Suppose $f_n$ is a list of surjections. We define $g$ in the following way:
$$g(k)=\begin{cases}\frac k2 & k\text{ is even}\\1+\sum_{m\leq k}f_m(k) &\text{otherwise}\end{cases}$$
So $g$ is clearly surjective (its restriction to the even numbers is surjective). To see that $g$ is not one of the $f_n$'s, we need to show that whenever $n\in\Bbb N$ there is some $k$ such that $f_n(k)\neq g(k)$.
Let $n\in\Bbb N$, and let $k$ be any odd number such that $n\leq k$, then we have that $$f_n(k)\leq\sum_{m\leq k}f_m(k)<1+\sum_{m\leq k}f_m(k)=g(k).$$
Therefore $f_n(k)\neq g(k)$ so $f_n\neq g$, and so we have that $g$ is not on the list.
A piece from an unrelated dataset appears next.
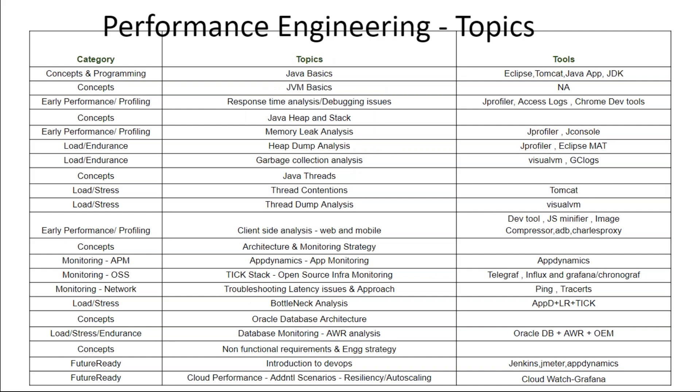I'll list the various topics we are going to cover over the next three, three and a half weeks. We will get started with some Java basics and JVM basics, to get comfortable with terminologies and technology — so that when we talk about response time analysis, heap dumps, thread dumps, objects, methods — all these technical words that we'll be using from an engineering perspective — it won't be unfamiliar.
If you are willing to use something other than diagonalization then we can give the following argument:
For every infinite subset of $\Bbb N$, we can write the following surjection:
$$f_A(n) =|\{a\in A\mid a<n\}|$$
Then $f_A$ is surjective because $A$ is infinite, so for every $n$ we can find $k$ such that $f_A(n)=k$.
Note that if $A\neq B$ then $f_A\neq f_B$: if $n=\min A\triangle B$, and suppose that $n\in A$, then $f_A(n+1)>f_B(n+1)$.
Therefore there are at least $2^{\aleph_0}$ surjections. Moreover all of them are non-decreasing!